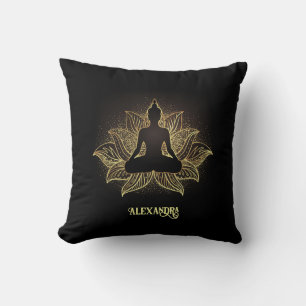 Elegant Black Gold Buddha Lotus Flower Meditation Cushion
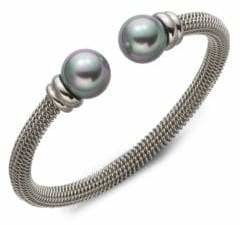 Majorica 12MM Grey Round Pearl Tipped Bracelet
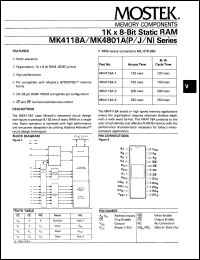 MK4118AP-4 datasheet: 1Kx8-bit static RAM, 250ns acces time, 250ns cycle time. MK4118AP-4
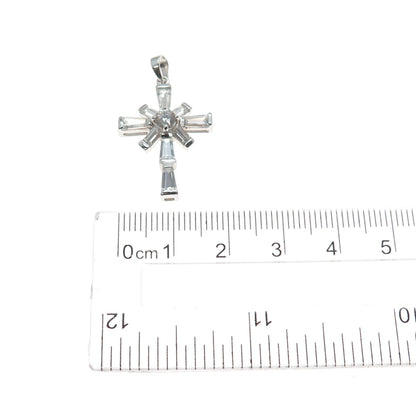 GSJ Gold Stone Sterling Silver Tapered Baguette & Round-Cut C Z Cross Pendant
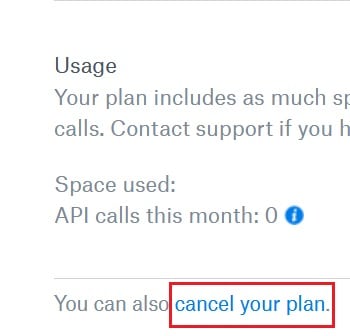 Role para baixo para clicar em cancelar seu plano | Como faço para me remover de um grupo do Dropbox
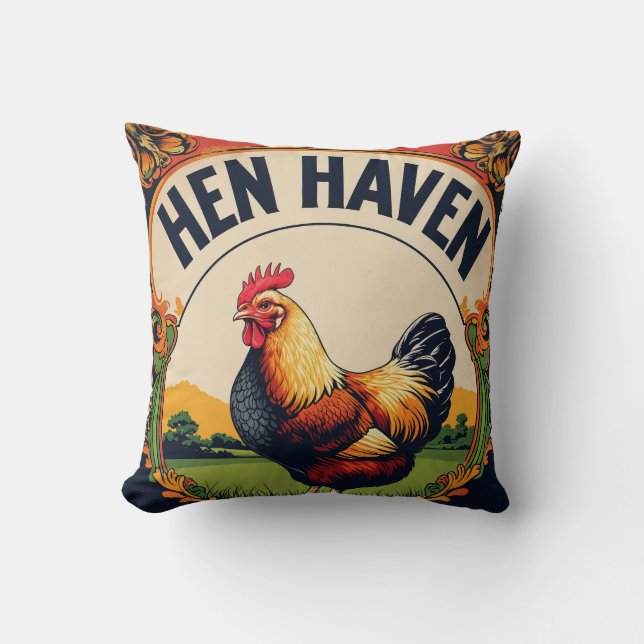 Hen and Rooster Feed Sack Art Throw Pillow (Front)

--------------------

Work to be completed: Repeat word for word only the lines from the line holding "Role para baixo" to the final line of the material, both included. Don't carry over any picture.

Exercise solution:
 Role para baixo para clicar em cancelar seu plano | Como faço para me remover de um grupo do Dropbox
 Hen and Rooster Feed Sack Art Throw Pillow (Front)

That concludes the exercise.